# mk2 gti: 1.8t swap or vr6 swap?



## VWcalitrie (Feb 20, 2008)

have done a fair share of reading on other sites but wanted to get some feedback from you guys. I am looking into buying an mk2 shell and swapping in either a 1.8t of some sort or a vr6 engine. wondering which was cheaper, better idea? pros/cons? any input is greatly appreciated.
looking to make 325-375 to the wheels, with garretts help lol thanks all


----------



## bonesaw (Aug 8, 2004)

*Re: mk2 gti: 1.8t swap or vr6 swap? (VWcalitrie)*

with your power goals a 1.8t is prob a better starting point. although it is more difficult than doing a vr turbo swap.


----------



## VWcalitrie (Feb 20, 2008)

*Re: mk2 gti: 1.8t swap or vr6 swap? (bonesaw)*

how is it much more difficult? Difficulty is def something i am weighting, i just dont know the degree of difficulty or the degree im g2 spend in the process for each.


----------



## bonesaw (Aug 8, 2004)

*Re: mk2 gti: 1.8t swap or vr6 swap? (VWcalitrie)*

vr6 harness plugs right in. 1.8t need to explore the different routes. there is nothing that is OE that jsut plugs in. Although you can get standalone that will plug right in.


----------



## theguy1084 (Feb 4, 2007)

*Re: mk2 gti: 1.8t swap or vr6 swap? (bonesaw)*


_Quote, originally posted by *bonesaw* »_with your power goals a 1.8t is prob a better starting point. although it is more difficult than doing a vr turbo swap. 

x2 
in the end with your power goals I think you would be happier with a 1.8t. Thats just my opinion







With the combination of the 1.8t and someone like Unitronic it would make a big turbo less of a headache. The swap itself is not hard just time consuming.


----------



## VWcalitrie (Feb 20, 2008)

*Re: mk2 gti: 1.8t swap or vr6 swap? (theguy1084)*

ok thanks, can you swap in a aww motor from say an 02 gti 1.8t or does it have to be a aeb 1.8t motor?


----------



## dubbinmk2 (Jan 15, 2008)

*Re: mk2 gti: 1.8t swap or vr6 swap? (VWcalitrie)*


_Quote, originally posted by *VWcalitrie* »_ok thanks, can you swap in a aww motor from say an 02 gti 1.8t or does it have to be a aeb 1.8t motor?

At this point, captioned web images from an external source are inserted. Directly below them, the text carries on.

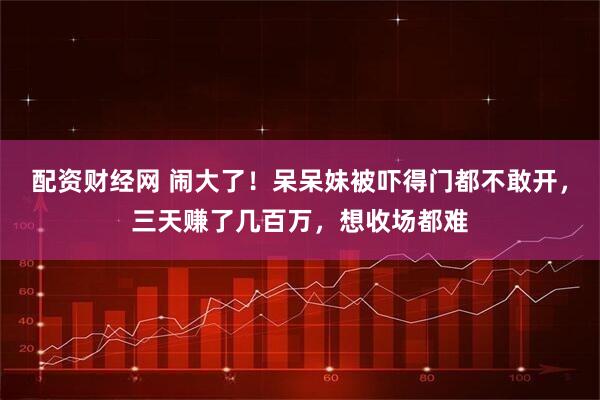 配资财经网 闹大了！呆呆妹被吓得门都不敢开，三天赚了几百万，想收场都难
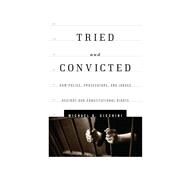 Tried and Convicted How Police, Prosecutors, and Judges Destroy Our Constitutional Rights by Cicchini, Michael D., JD, 9781442217171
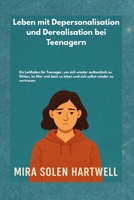Leben mit Depersonalisation und Derealisation bei Teenagern: Ein Leitfaden für Teenager, um sich wieder authentisch zu fühlen, im Hier und Jetzt zu ... selbst wieder zu vertrauen (German Edition) B0GX857CVY Book Cover
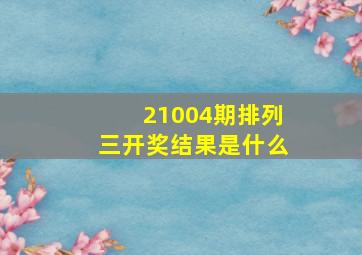 21004期排列三开奖结果是什么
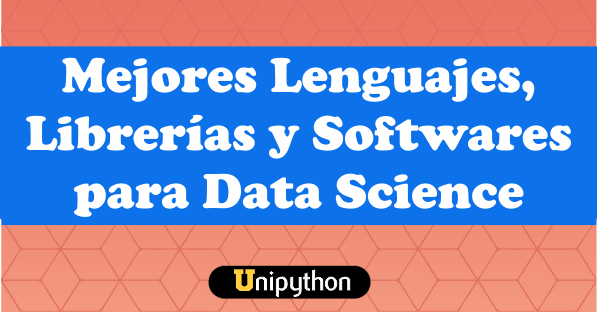 Lenguajes y Softwares para Data Science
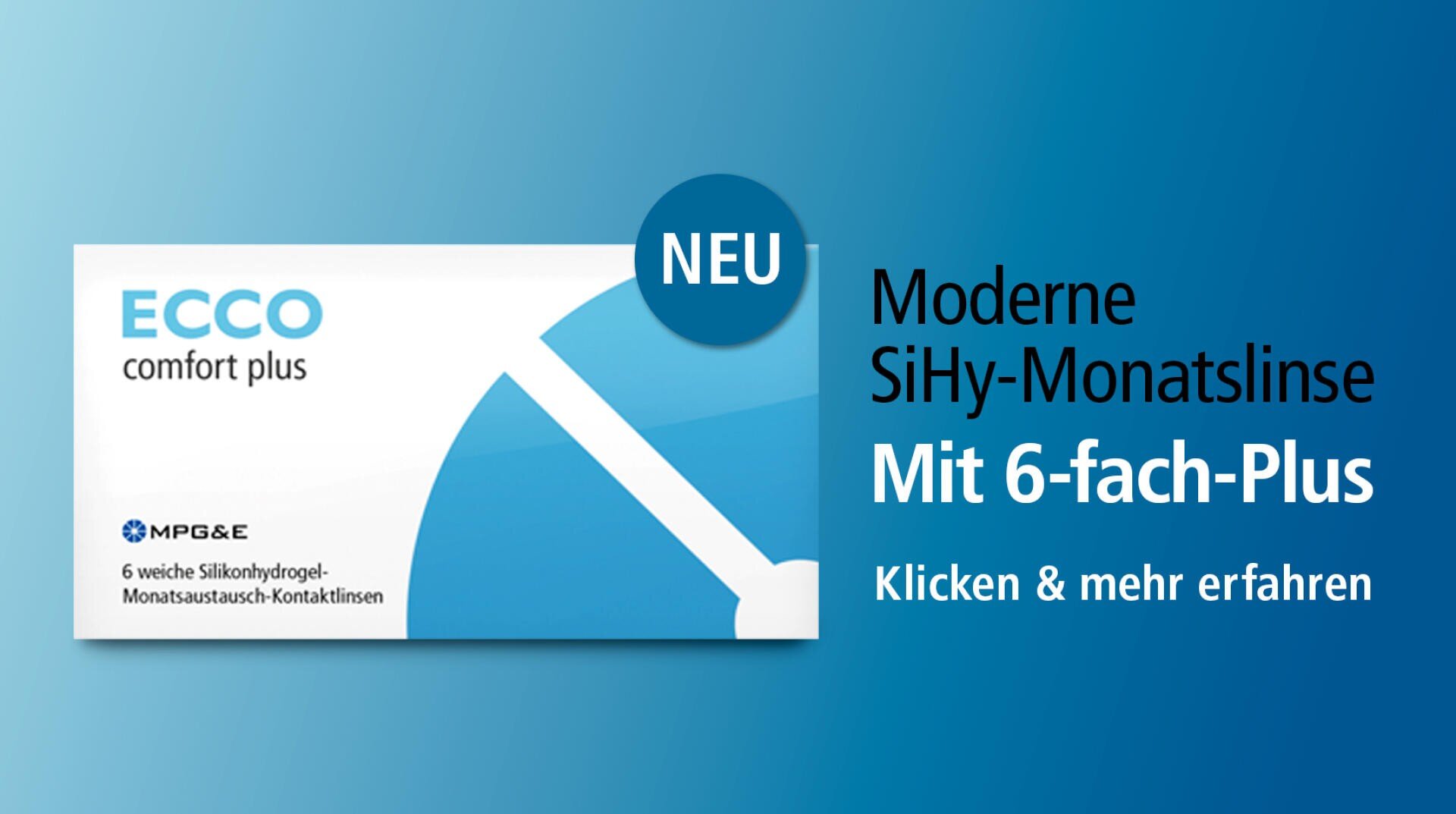 Eine blau-weiße Werbung für ECCO comfort plus Monatslinsen. Der Text hebt NEU, Moderne SiHy-Monatslinse, und Mit 6-fach-Plus hervor. Auf der linken Seite ist ein Produktkarton abgebildet.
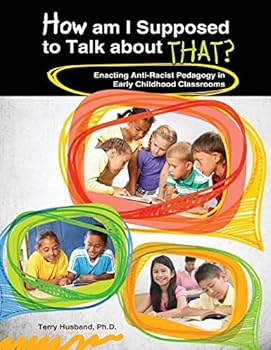 Paperback How Am I Supposed to Talk about That? Enacting Anti-Racist Pedagogy in Early Childhood Classrooms Book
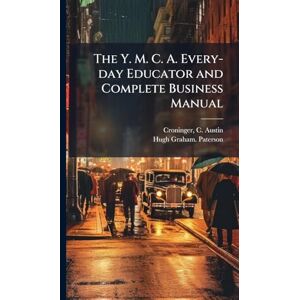Paterson, Hugh Graham The Y. M. C. A. Every-day Educator and Complete Business Manual Paterson, Hugh Graham The Y. M. C. A. Every-day Educator and Complete Business Manual
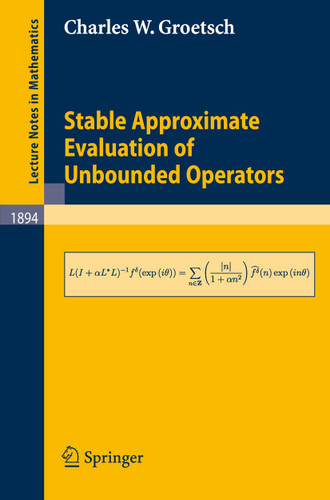 Stable Approximate Evaluation of Unbounded Operators (Lecture Notes in Mathematics #1894) book cover by Charles W. Groetsch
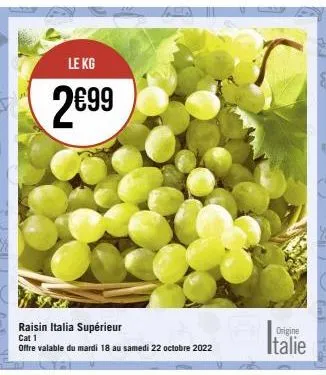 le kg  2€99  raisin italia supérieur cat 1  offre valable du mardi 18 au samedi 22 octobre 2022  origine  italie  am) 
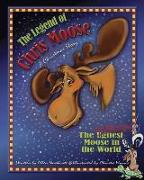 The Legend of Chris Moose: A Christmas Story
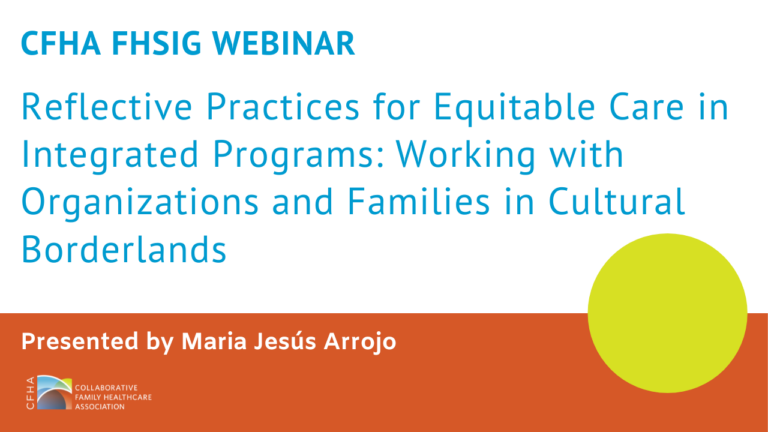 Reflective Practices for Equitable Care in Integrated Programs: Working with Organizations and Families in Cultural Borderlands  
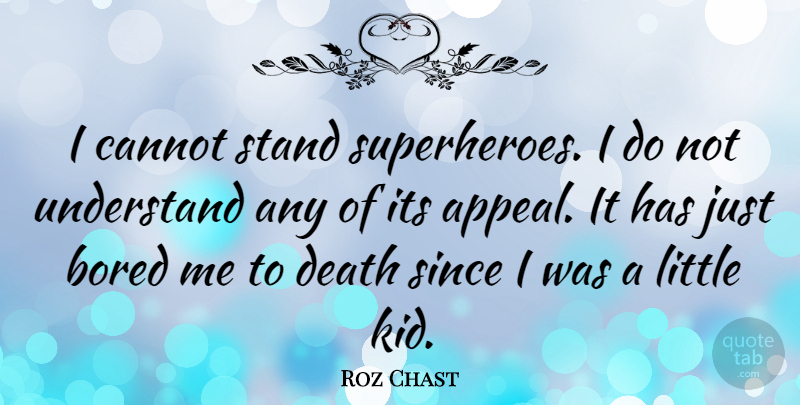 Roz Chast Quote About Kids, Bored, Superhero: I Cannot Stand Superheroes I...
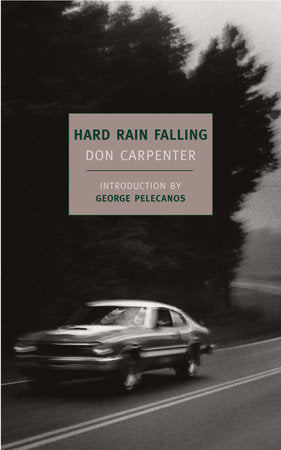 Hard Rain Falling Paperback by Don Carpenter, Introduction by George Pelecanos
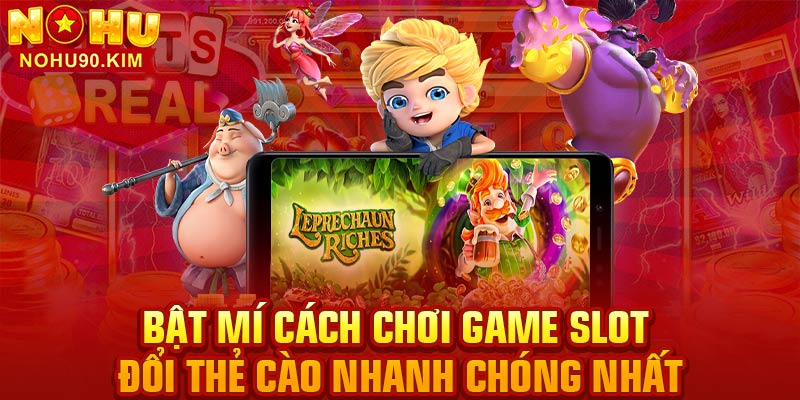 Bật mí cách chơi game slot đổi thẻ cào nhanh chóng nhất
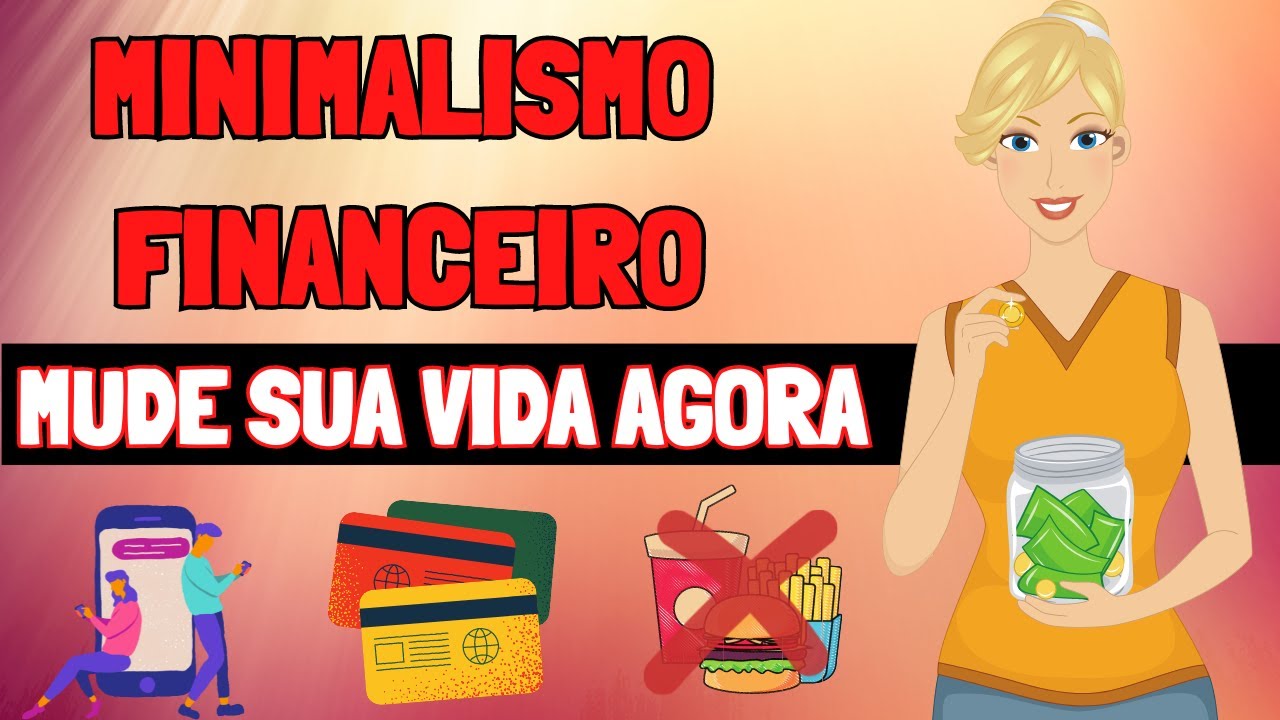 💸MINIMALISMO FINANCEIRO: 7 Dicas MINIMALISTAS que vai ORGANIZAR suas FINANÇAS | FINANÇAS PESSOAIS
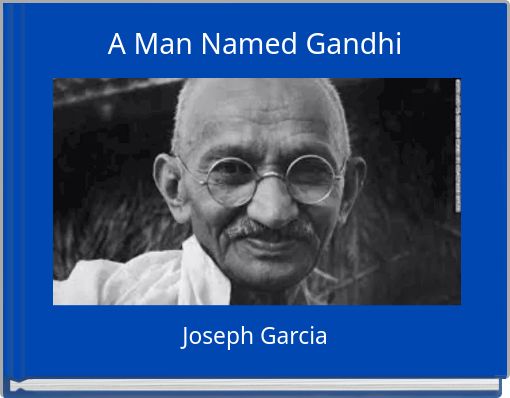 A Man Named Gandhi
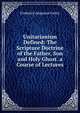 Unitarianism Defined: The Scripture Doctrine of the Father, Son and Holy Ghost. a Course of Lectures, Frederick Augustus Farley 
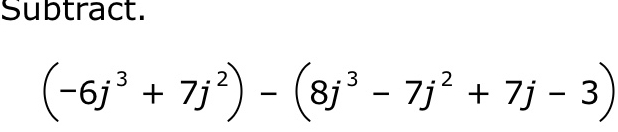 Subtract.
(-6j^3+7j^2)-(8j^3-7j^2+7j-3)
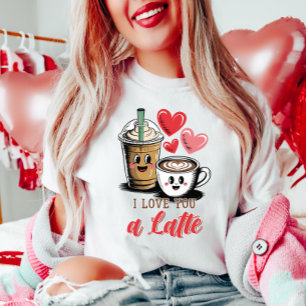 Cute I LOVE YOU a Latte Coffee T-Shirt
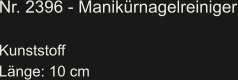 Nr. 2396 - Manikürnagelreiniger  Kunststoff Länge: 10 cm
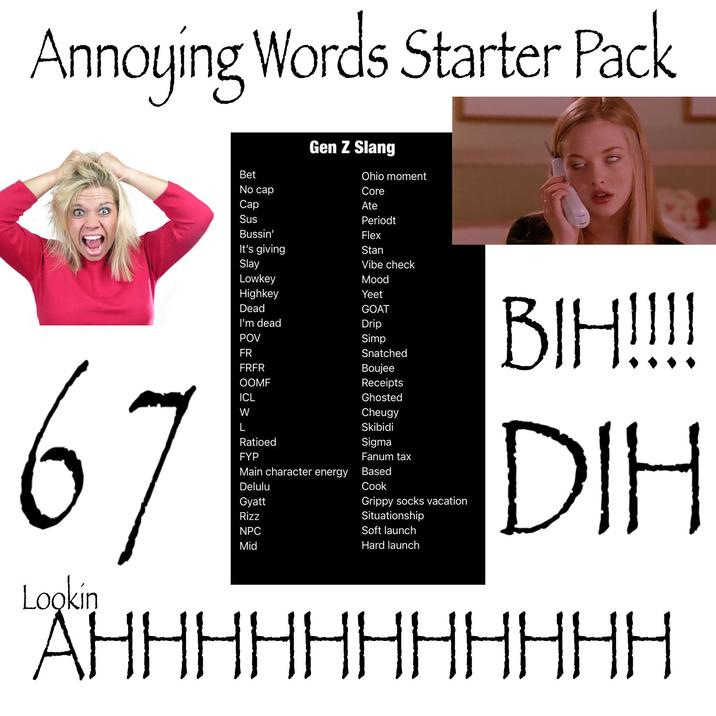 Annoying Words Starter Pack 67 Lookin Gen Z Slang Ohio moment Core Ate Vibe check Mood Simp Bet No cap Cap Sus Periodt Bussin' Flex It's giving Stan Slay Lowkey Highkey Yeet Dead GOAT I'm dead Drip POV FR FRFR OOMF Receipts ICL Ghosted W Cheugy Skibidi Ratioed FYP Main character energy Based Delulu Cook Gyatt Rizz NPC Mid Snatched Boujee Sigma Fanum tax Grippy socks vacation Situationship Soft launch Hard launch BIH!!!! DIH AHHHHHHHHH HH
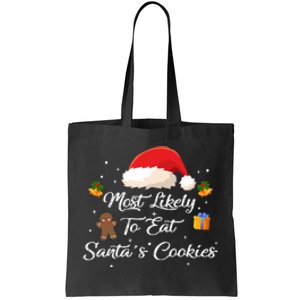 Most Likely To Eat Santa’S Cookies | Merry Christmas Tote Bag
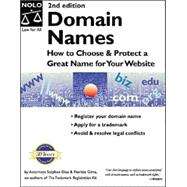 Domain Names : How to Choose and Protect a Great Name for Your Website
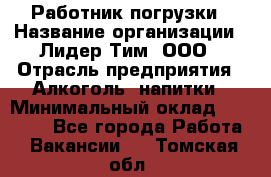 Работник погрузки › Название организации ­ Лидер Тим, ООО › Отрасль предприятия ­ Алкоголь, напитки › Минимальный оклад ­ 20 000 - Все города Работа » Вакансии   . Томская обл.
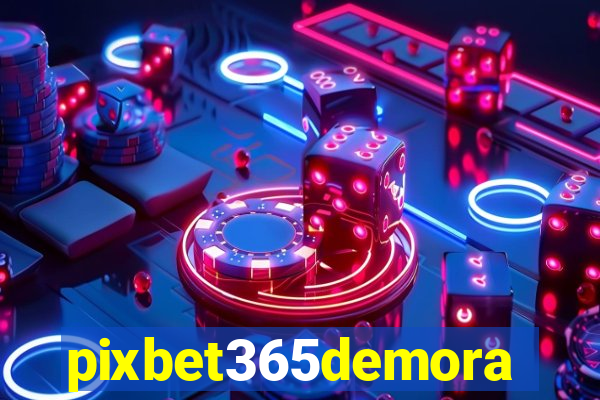 pixbet365demora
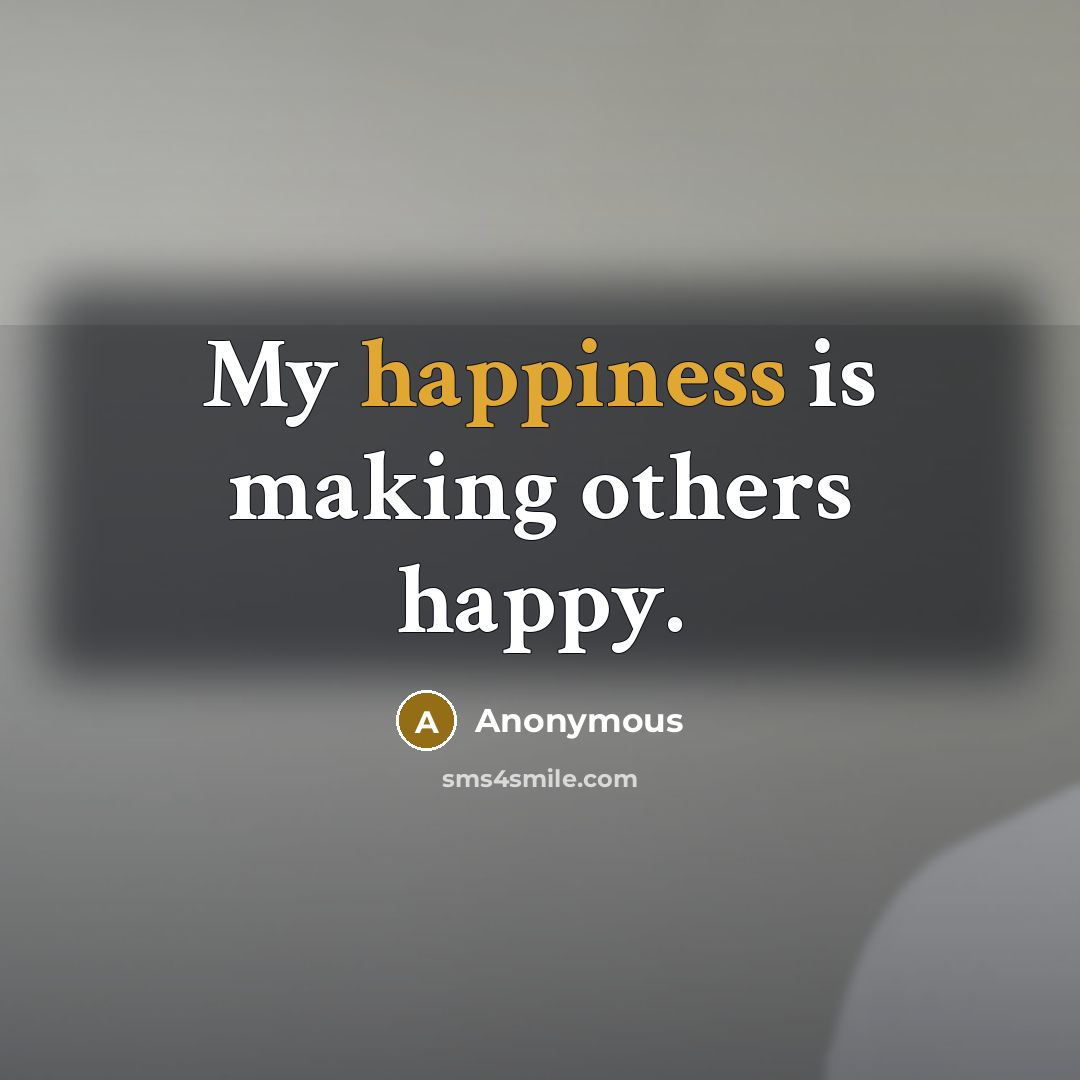 “My happiness is making others happy.…” quote by Anonymous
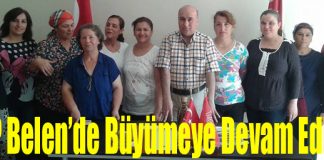 CHP Belen İlçe Başkanlığı, Belen’de Büyümeye Devam Ediyor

u can swap anything you want....


----------



## 1.8tNdahaus (Jan 14, 2008)

*Re: mk2 gti: 1.8t swap or vr6 swap? (dubbinmk2)*

Hey VWcalitrie when are you gonna give me a TIP or my $90 dollars back? Its pretty messed up you steal from 17 year olds who hardly can pay for a car and insurance.. douche bag. http://****************.com/smile/emthdown.gif


----------